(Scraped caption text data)
-- Opening Marker --
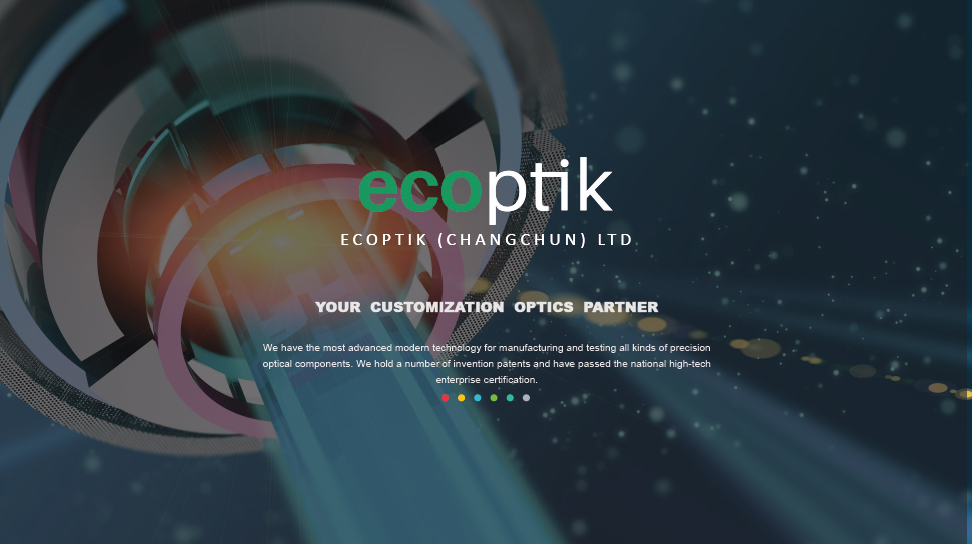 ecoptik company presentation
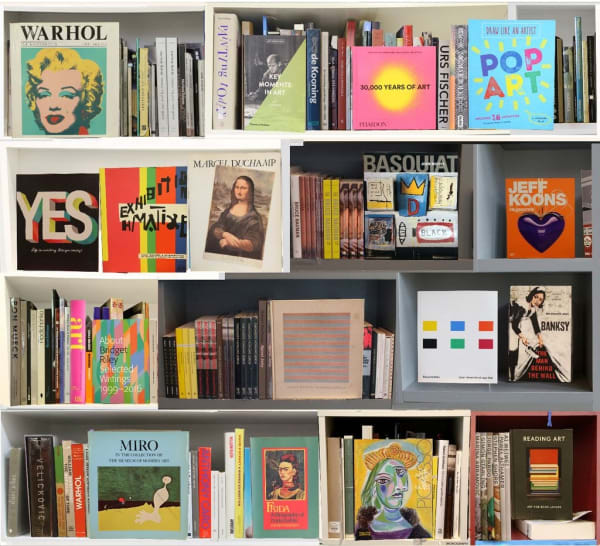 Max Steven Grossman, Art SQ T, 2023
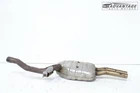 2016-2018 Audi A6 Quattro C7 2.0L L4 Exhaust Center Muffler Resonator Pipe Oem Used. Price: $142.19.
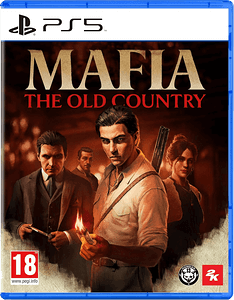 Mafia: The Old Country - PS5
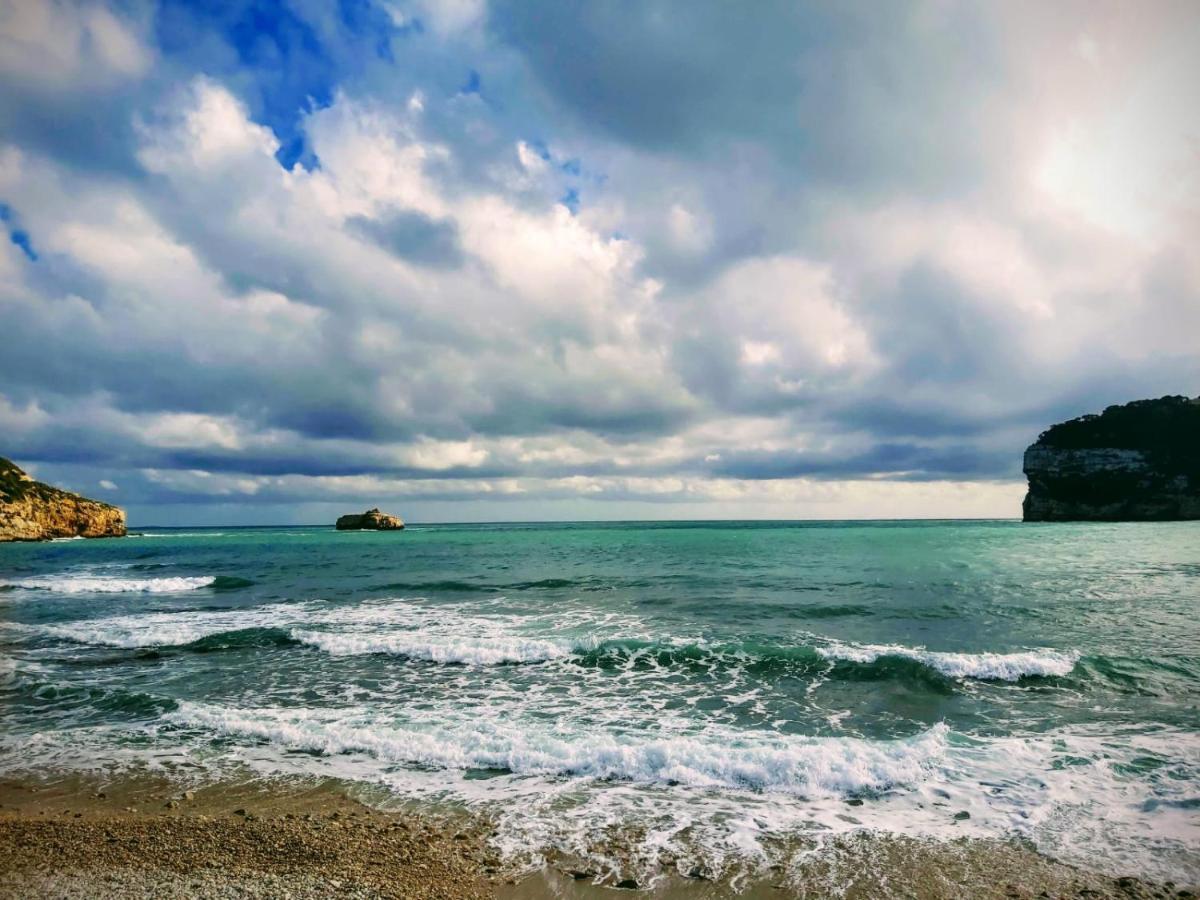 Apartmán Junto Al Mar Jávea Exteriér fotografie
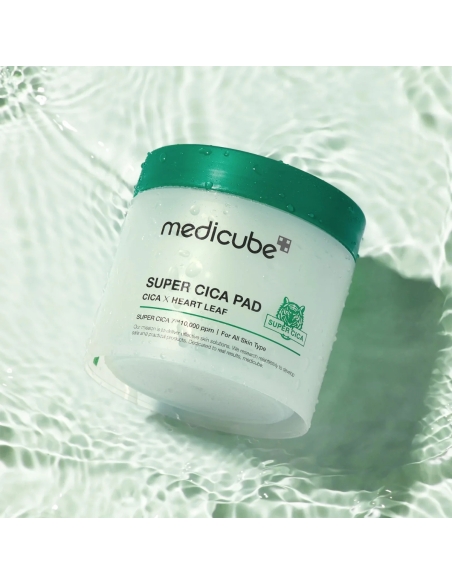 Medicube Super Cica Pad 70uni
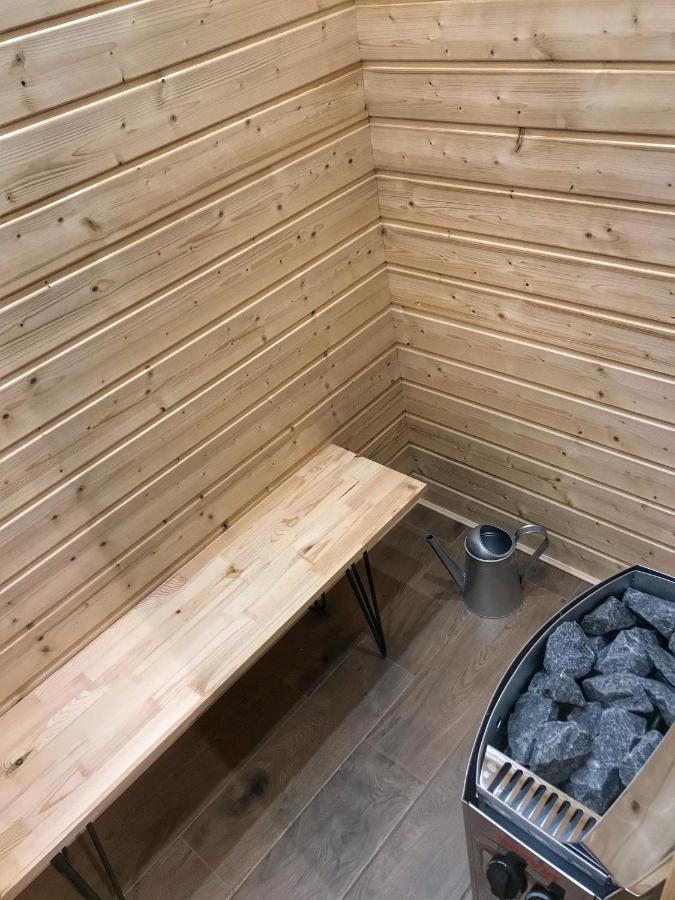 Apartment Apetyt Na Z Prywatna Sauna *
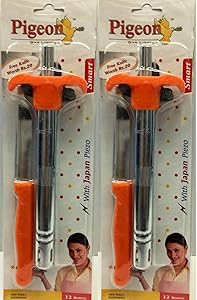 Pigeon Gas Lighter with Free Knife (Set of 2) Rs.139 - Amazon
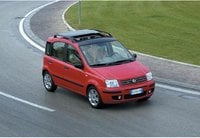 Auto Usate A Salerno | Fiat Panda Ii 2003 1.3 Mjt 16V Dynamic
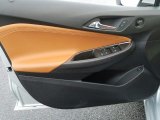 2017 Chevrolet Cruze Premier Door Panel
-- Closing Marker --
### [YOUR GOAL]
Each entry above must be duplicated precisely; none of the pictures may be included.

### [TASK RESPONSE]
 ecoptik company presentation
 Max Steven Grossman, Art SQ T, 2023
 2016-2018 Audi A6 Quattro C7 2.0L L4 Exhaust Center Muffler Resonator Pipe Oem Used. Price: $142.19.
 Mafia: The Old Country - PS5
 Apartmán Junto Al Mar Jávea Exteriér fotografie
 Medicube Super Cica Pad 70uni
 Apartment Apetyt Na Z Prywatna Sauna *
 Pigeon Gas Lighter with Free Knife (Set of 2) Rs.139 - Amazon
 Auto Usate A Salerno | Fiat Panda Ii 2003 1.3 Mjt 16V Dynamic
 2017 Chevrolet Cruze Premier Door Panel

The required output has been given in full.